**DATA RECORDS**.
· · · · · · ·

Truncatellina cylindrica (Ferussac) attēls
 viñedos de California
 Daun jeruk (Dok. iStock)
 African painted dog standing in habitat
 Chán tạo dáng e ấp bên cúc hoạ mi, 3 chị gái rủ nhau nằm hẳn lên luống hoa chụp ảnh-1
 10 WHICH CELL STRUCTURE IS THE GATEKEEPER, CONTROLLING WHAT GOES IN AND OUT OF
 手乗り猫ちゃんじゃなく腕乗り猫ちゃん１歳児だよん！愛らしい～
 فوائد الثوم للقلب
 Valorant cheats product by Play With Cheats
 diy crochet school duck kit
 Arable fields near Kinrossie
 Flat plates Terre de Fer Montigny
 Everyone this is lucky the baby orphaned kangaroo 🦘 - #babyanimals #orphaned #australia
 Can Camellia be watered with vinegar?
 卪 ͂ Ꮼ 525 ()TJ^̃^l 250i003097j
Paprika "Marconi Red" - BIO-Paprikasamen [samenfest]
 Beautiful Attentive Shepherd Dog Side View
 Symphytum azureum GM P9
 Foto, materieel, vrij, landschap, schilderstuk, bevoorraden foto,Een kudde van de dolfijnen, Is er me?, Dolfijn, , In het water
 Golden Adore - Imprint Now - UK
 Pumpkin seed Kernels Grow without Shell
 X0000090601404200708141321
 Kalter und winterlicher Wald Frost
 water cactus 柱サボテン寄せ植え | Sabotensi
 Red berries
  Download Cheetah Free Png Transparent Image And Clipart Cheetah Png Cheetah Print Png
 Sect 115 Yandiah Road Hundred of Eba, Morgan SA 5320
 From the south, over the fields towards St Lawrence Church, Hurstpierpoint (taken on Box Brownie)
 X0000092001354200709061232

· · · · · · ·

**WHAT IS EXPECTED**. Starting at the line that contains "Everyone this is", write out every line through the last one in the data above, exactly as it stands.

**SOLUTION BELOW**.
 Everyone this is lucky the baby orphaned kangaroo 🦘 - #babyanimals #orphaned #australia
 Can Camellia be watered with vinegar?
 卪 ͂ Ꮼ 525 ()TJ^̃^l 250i003097j
Paprika "Marconi Red" - BIO-Paprikasamen [samenfest]
 Beautiful Attentive Shepherd Dog Side View
 Symphytum azureum GM P9
 Foto, materieel, vrij, landschap, schilderstuk, bevoorraden foto,Een kudde van de dolfijnen, Is er me?, Dolfijn, , In het water
 Golden Adore - Imprint Now - UK
 Pumpkin seed Kernels Grow without Shell
 X0000090601404200708141321
 Kalter und winterlicher Wald Frost
 water cactus 柱サボテン寄せ植え | Sabotensi
 Red berries
  Download Cheetah Free Png Transparent Image And Clipart Cheetah Png Cheetah Print Png
 Sect 115 Yandiah Road Hundred of Eba, Morgan SA 5320
 From the south, over the fields towards St Lawrence Church, Hurstpierpoint (taken on Box Brownie)
 X0000092001354200709061232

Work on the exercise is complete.